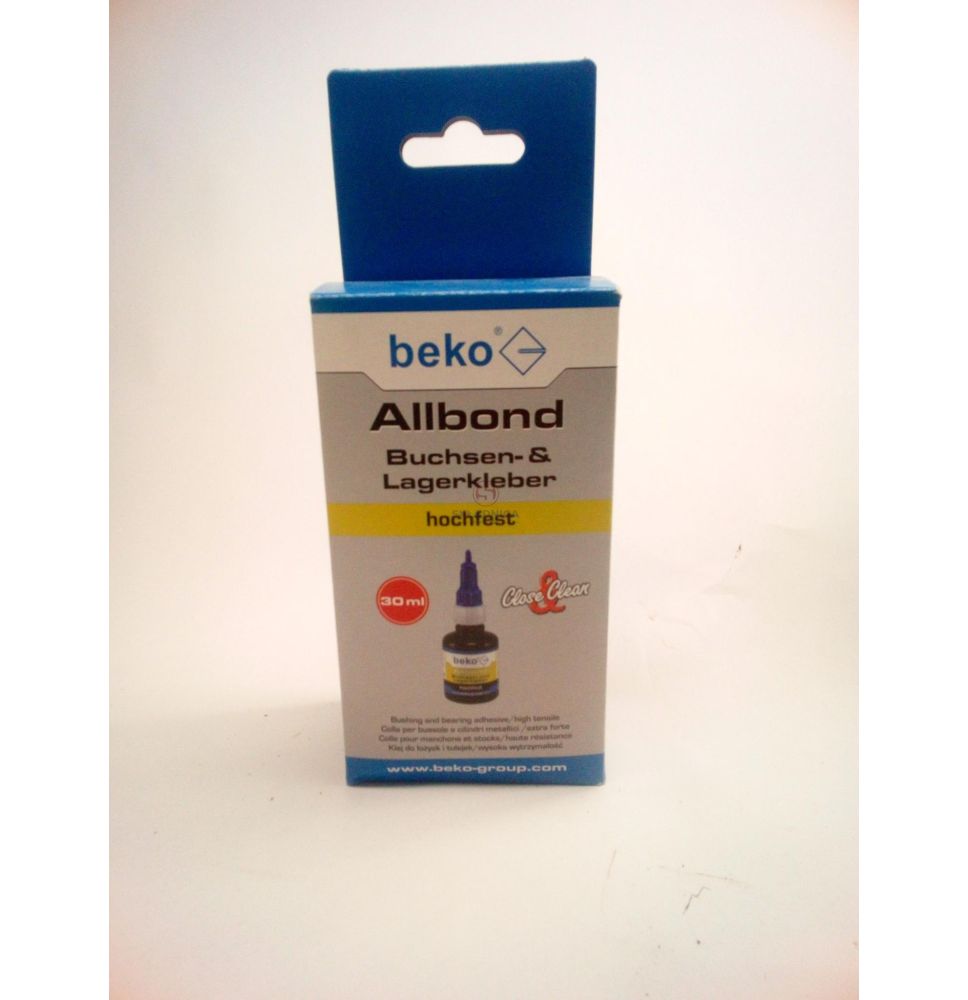 KLEJ DO ŁOŻYSK I TULEJEK ALLBOND WYSOKA  [A-BEKO-06]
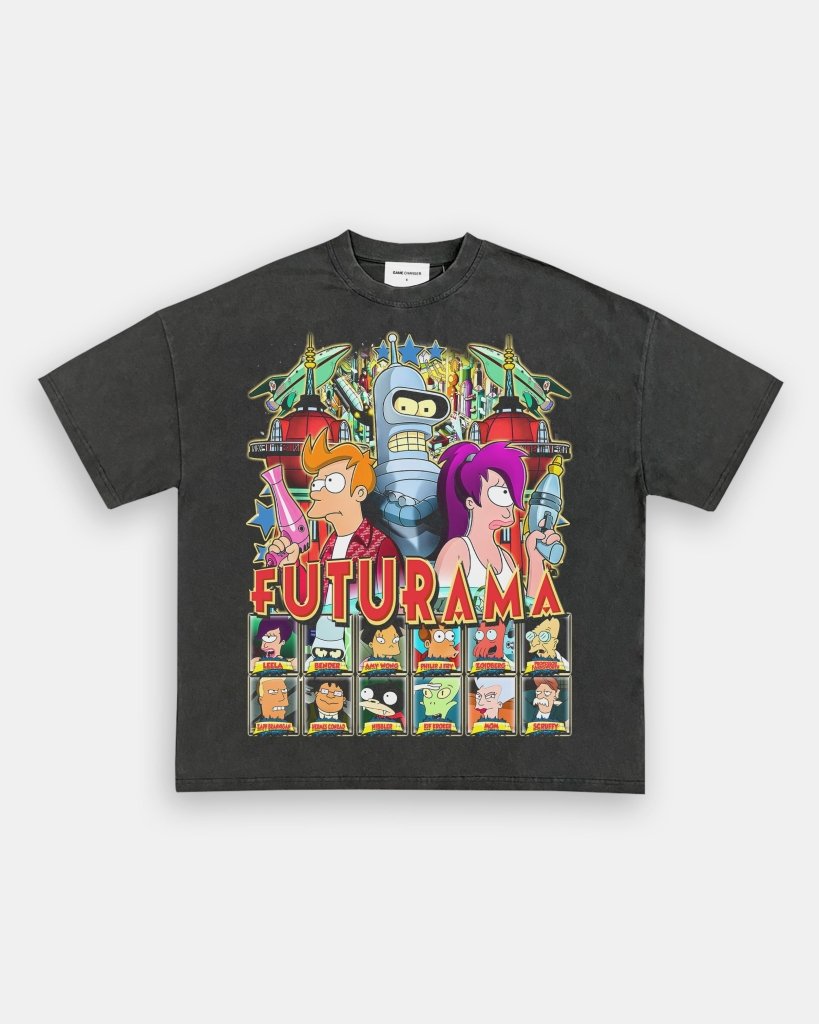 FUTURAMA TEE - VIP - GAME CHANGERS TEE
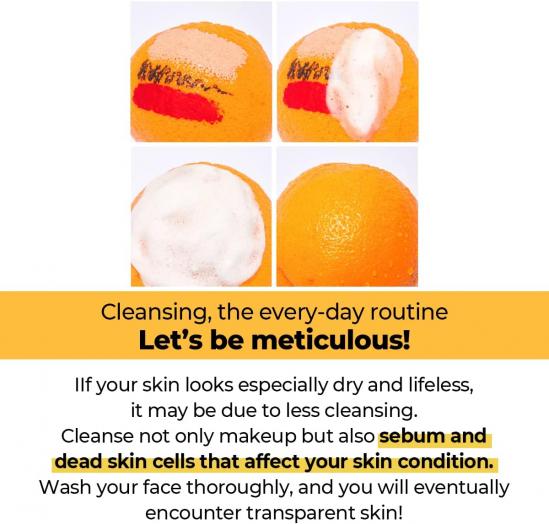 Numbuzin - No.2 Deep Clean Fresh Cream Cleanser 120ml - Makeup Stash Pakistan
########################################
Only the lines from the one containing "FUTURAMA TEE - VIP - GAME CHANGERS TEE" through the last line of the material should be returned, exactly and without pictures.

 FUTURAMA TEE - VIP - GAME CHANGERS TEE
 Numbuzin - No.2 Deep Clean Fresh Cream Cleanser 120ml - Makeup Stash Pakistan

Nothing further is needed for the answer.